[About this exercise]
Find the line with "Fashion interior photo" in the entries below, then output every line from it down to the line with "pollo a la parrilla", exactly and with no pictures.

[Input material]
==============================
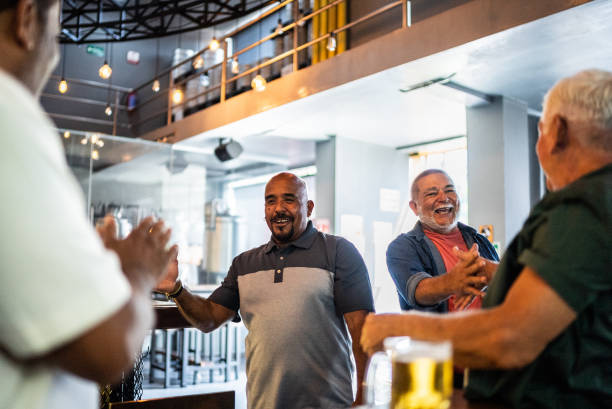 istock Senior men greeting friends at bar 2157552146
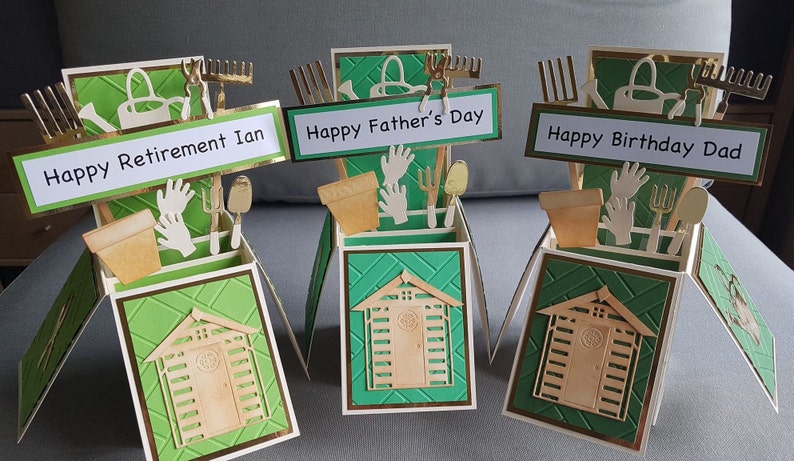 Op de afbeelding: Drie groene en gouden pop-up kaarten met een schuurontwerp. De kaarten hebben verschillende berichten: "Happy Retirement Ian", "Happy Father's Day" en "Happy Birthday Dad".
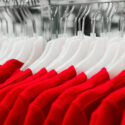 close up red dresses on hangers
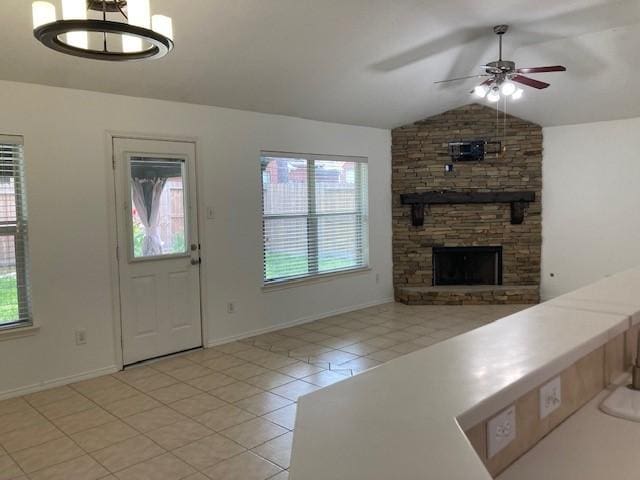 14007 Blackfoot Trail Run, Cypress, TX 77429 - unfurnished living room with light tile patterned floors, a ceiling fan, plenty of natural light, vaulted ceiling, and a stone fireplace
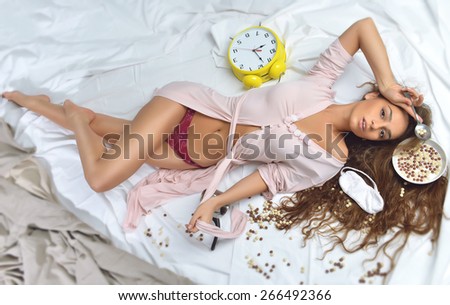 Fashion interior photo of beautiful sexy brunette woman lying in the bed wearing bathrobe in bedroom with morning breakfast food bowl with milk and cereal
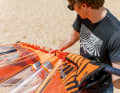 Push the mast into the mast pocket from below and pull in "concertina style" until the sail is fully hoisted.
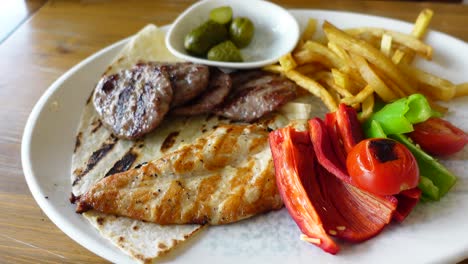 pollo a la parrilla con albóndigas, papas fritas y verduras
==============================
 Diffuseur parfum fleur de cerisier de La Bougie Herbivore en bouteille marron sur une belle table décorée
==============================
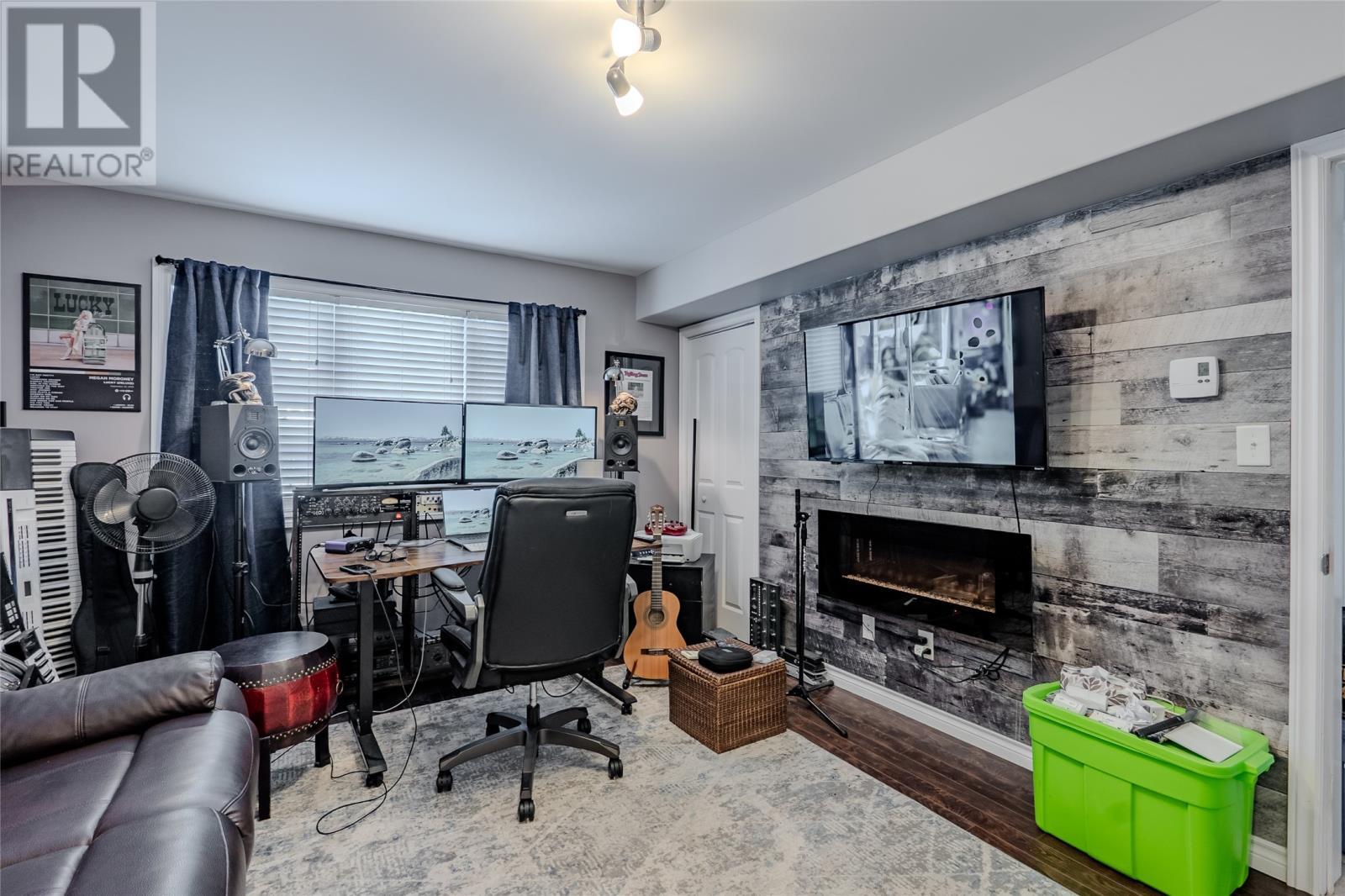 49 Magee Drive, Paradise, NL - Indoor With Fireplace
==============================
[Output of the exercise]
 Fashion interior photo of beautiful sexy brunette woman lying in the bed wearing bathrobe in bedroom with morning breakfast food bowl with milk and cereal
 Push the mast into the mast pocket from below and pull in "concertina style" until the sail is fully hoisted.
 pollo a la parrilla con albóndigas, papas fritas y verduras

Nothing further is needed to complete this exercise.